2. The loop heat pipe radiating element according to claim 1, characterized in that the evaporating cavity (1) is internally provided with a capillary structure which is integrally sintered and molded with the gas-liquid separating wall (5).

3. Loop heat pipe heat sink element according to claim 2, characterized in that the capillary structure is arranged lower than the gas-liquid separation wall (5).

4. The loop heat pipe heat dissipation element according to claim 2, characterized by comprising a trough member (6) and a cover member (7) covering the trough opening of the trough member (6), wherein the trough cavity of the trough member (6) is divided into the evaporation cavity (1) and the liquid storage cavity (2) by at least one sinter-formed gas-liquid separation wall (5).

5. The loop heat pipe heat sink according to claim 4, wherein the evaporation chamber (1) and the liquid storage chamber (2) are each provided with a pillar.

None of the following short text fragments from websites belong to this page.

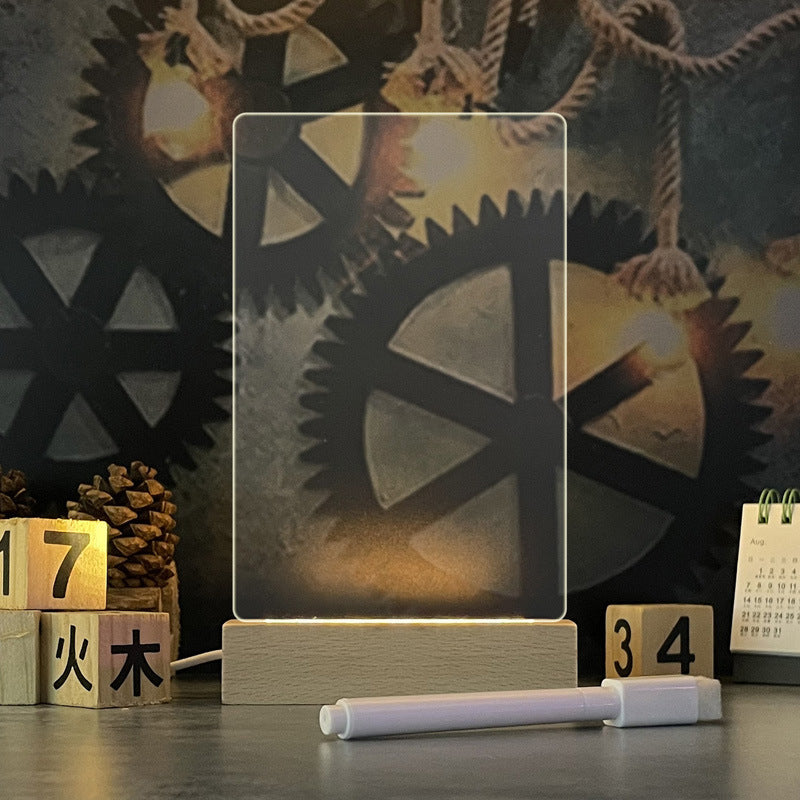 Creative LED Note Board Night Light – Message Board with Marker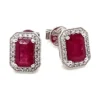 Emerald Cut Ruby Earrings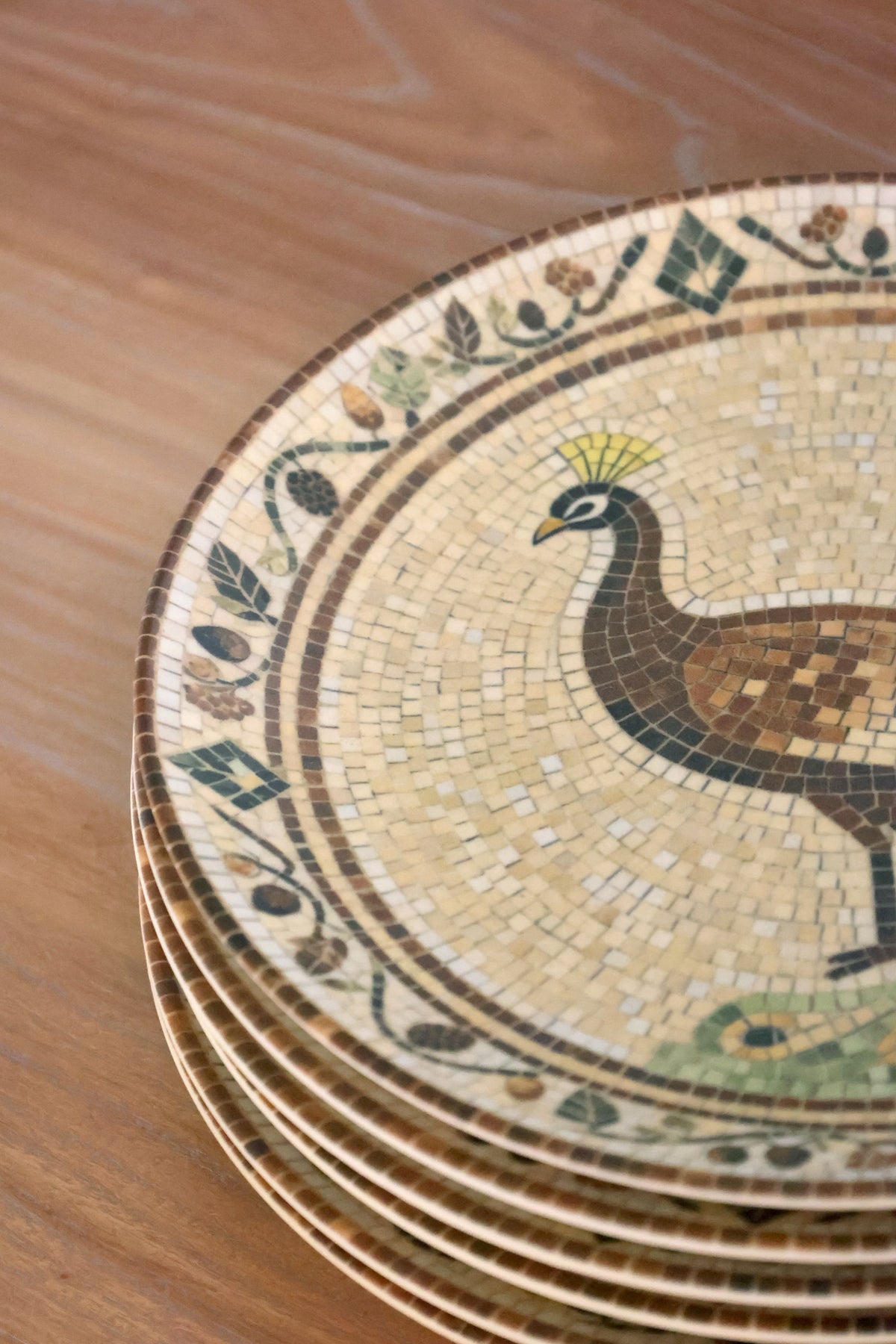 Mosaik Tablett Chartres mit Pfau, beige/mocca, 26,5 cm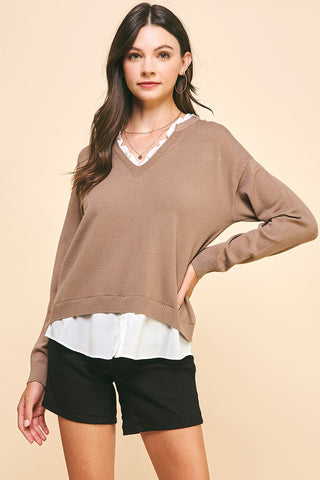 Knit Combo Top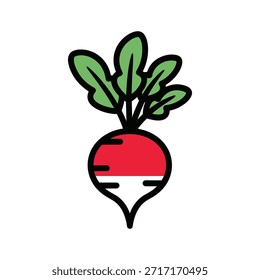 Ilustración vectorial de rábano, colores vibrantes y diseño de iconos. Productos frescos, comida orgánica y símbolo de la dieta vegetariana aislados en el fondo blanco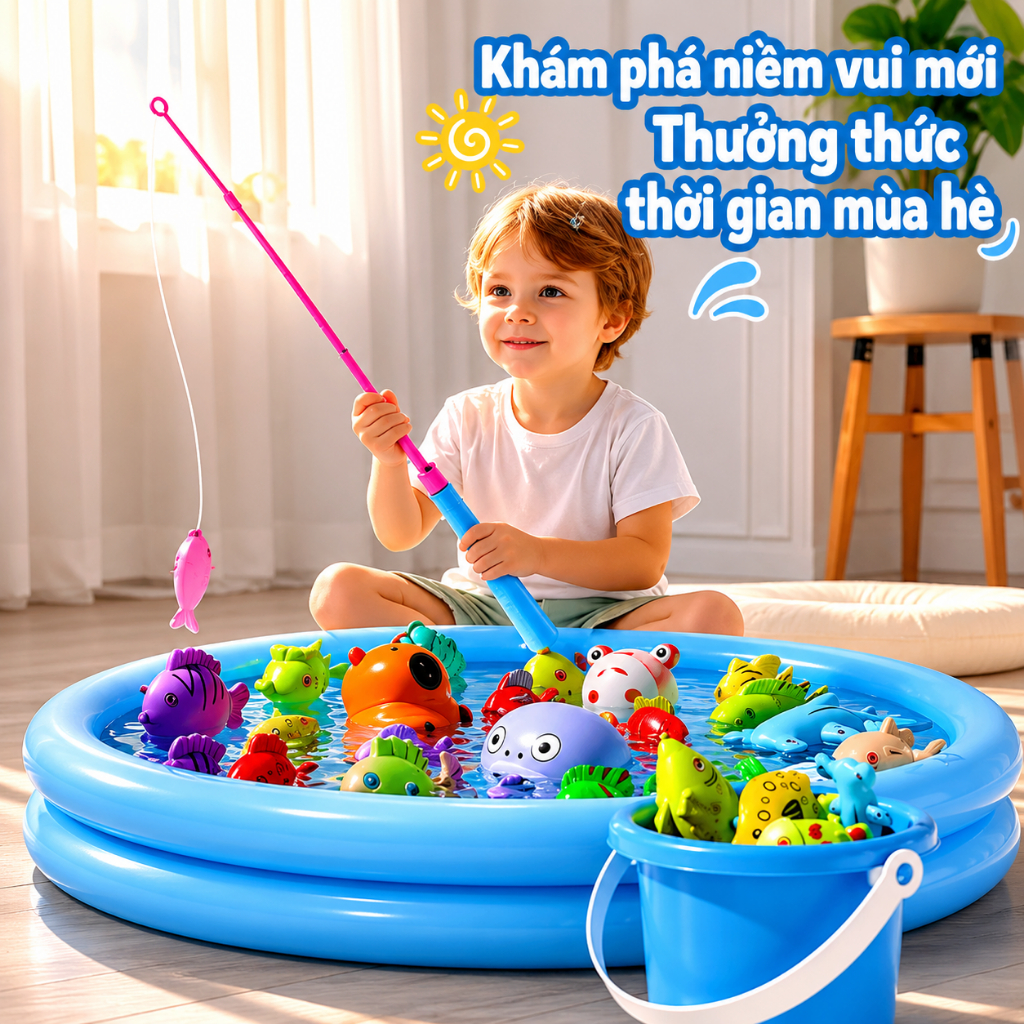 Bộ Đồ Chơi Câu Cá Nam Châm Cho Bé Kèm Bể, Cần Câu Và Vợt Cá – Rèn Luyện Khéo Léo, Tương Tác Gia Đình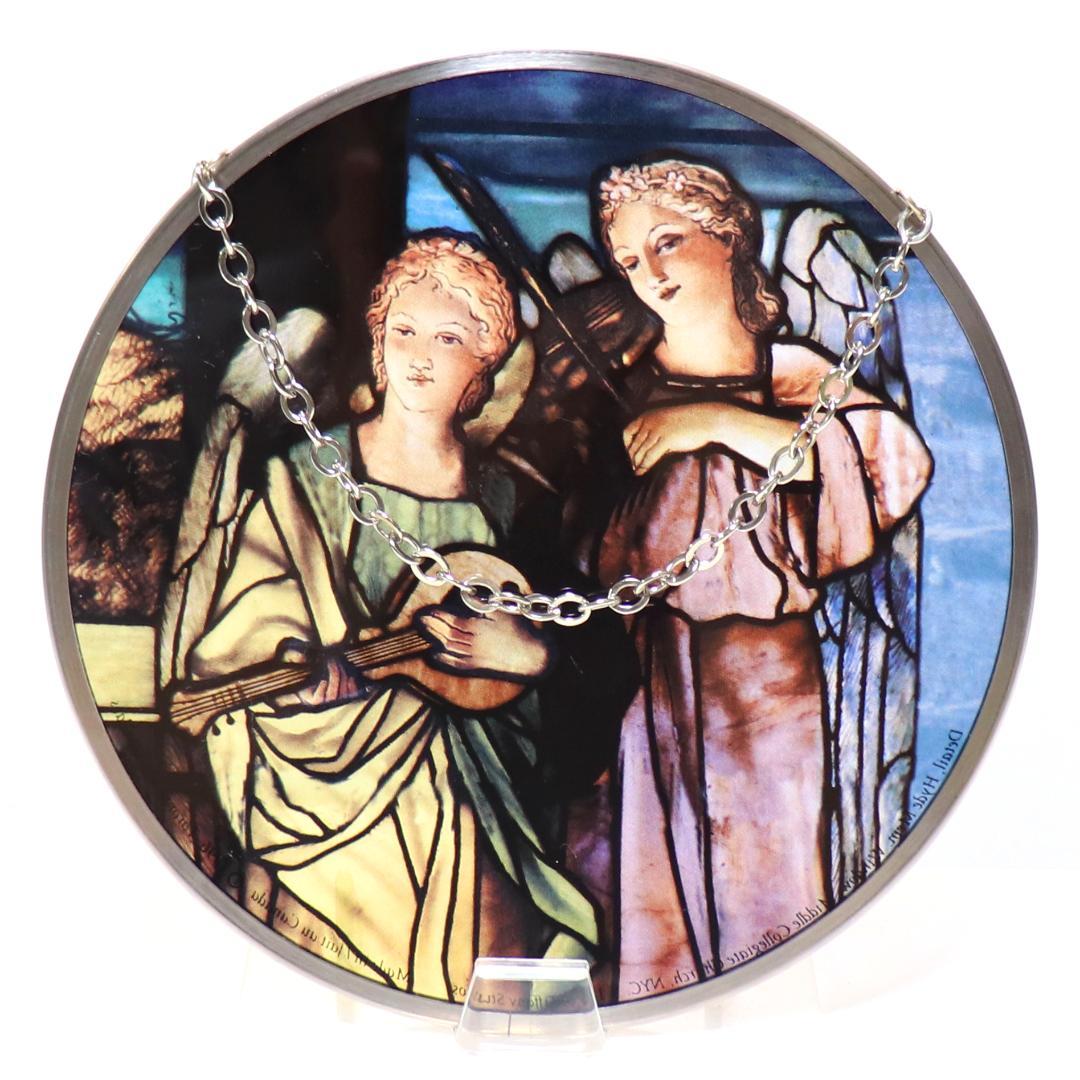 ティファニースタジオヴィンテージステンドグラス2人の楽器を持った天使エンジェル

6. A loop heat pipe heat sink, characterized by comprising a condenser (3) and a loop heat pipe heat sink element according to any one of claims 1-5, the condenser (3) being provided with a condensation channel (4);

wherein:

the condensation channels (4) comprise a first condensation channel and a second condensation channel which are communicated, the first condensation channel is communicated with the liquid storage cavity (2) of the loop heat pipe radiating element, the second condensation channel is communicated with the evaporation cavity (1) of the loop heat pipe radiating element, and at least two evaporation cavities (1) are respectively communicated with different second condensation channels.

7. The loop heat pipe heat sink according to claim 6, wherein the width of the liquid storage chamber (2) is smaller than the width of the evaporation chamber (1) in the extending direction of the gas-liquid separation wall (5) of the loop heat pipe heat sink.

8. Loop heat pipe heat sink according to any of claims 6-7, characterized in that a plurality of said evaporation chambers (1) are arranged around said reservoir chamber (2); or alternatively

The evaporation cavities (1) and the liquid storage cavities (2) are alternately arranged, and the evaporation cavities (1) in the middle are connected with the liquid storage cavities (2) on two sides through gas-liquid separation walls (5).

9. The heat pipe heat sink according to claim 8, wherein the second condensation channel communicating with the evaporation chamber (1) located at the middle part is split at the middle part of the condensation path to be respectively guided into the liquid storage chambers (2) at both sides.

10. The loop heat pipe heat sink according to any one of claims 6-7, wherein at least one of the plurality of evaporation chambers (1) is a first evaporation chamber, the other is a second evaporation chamber having a distribution area smaller than that of the first evaporation chamber, and the cooling path of the condensation channel (4) through which the first evaporation chamber communicates is shorter than the cooling path of the condensation channel (4) through which the second evaporation chamber communicates.

11. An electronic device comprising a plurality of heat sources, and further comprising a loop heat pipe heat dissipation device as claimed in any one of claims 6-10, wherein each evaporation chamber (1) of the loop heat pipe heat dissipation device is respectively abutted against each heat source, and a liquid storage chamber (2) of the loop heat pipe heat dissipation device is located between adjacent heat sources.